Our main theorem connects the floating point exponential to its abstract mathematical counterpart. The specification we prove is that the function has the correct overflow behaviour and, in the absence of overflow, the error in the result is less than 0.54 units in the last place (0.77 if the answer is denormalized) compared against the exact mathematical exponential function. The algorithm is expressed in a simple formalized programming language, intended to be a subset of real programming and hardware description languages. It uses underlying floating point operations (addition, multiplication etc.) that are assumed to conform to the IEEE-754 standard for binary floating point arithmetic.

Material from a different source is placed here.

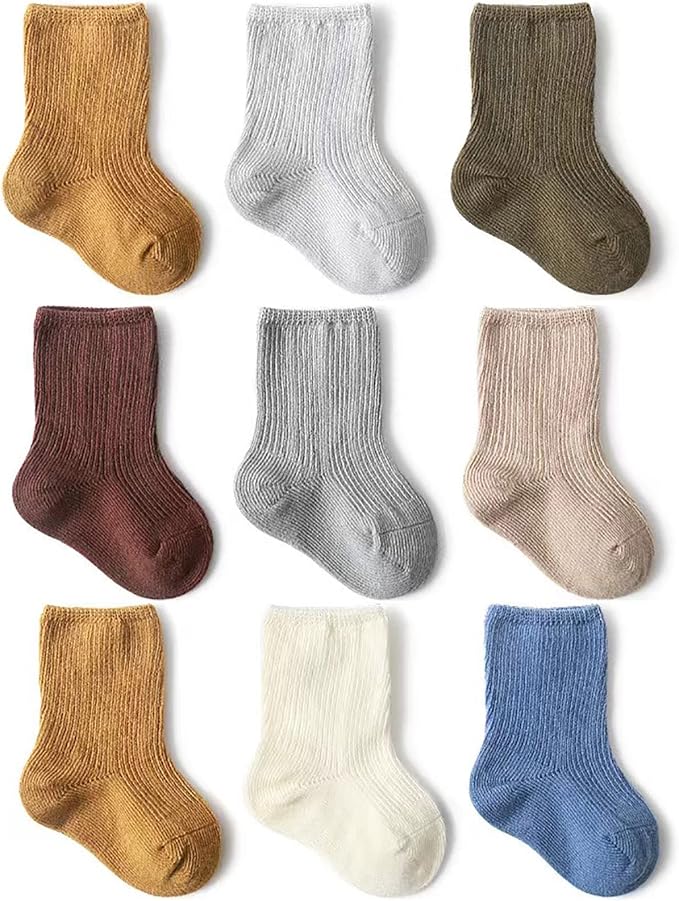 Toddler Socks Unisex Baby Baby Crew Cotton Cuff Socks by SHARELYSHEEP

The development described here includes, apart from the proof itself, a formalization of IEEE arithmetic, a mathematical semantics for the programming language in which the algorithm is expressed, and the body of pure mathematics needed. All this is developed logically from first principles using the HOL Light prover, which guarantees strict adherence to simple rules of inference while allowing the user to perform proofs using higher-level derived rules. We first present the main ideas and conclusions, and then collect some technical details about the prover and the underlying mathematical theories in appendices.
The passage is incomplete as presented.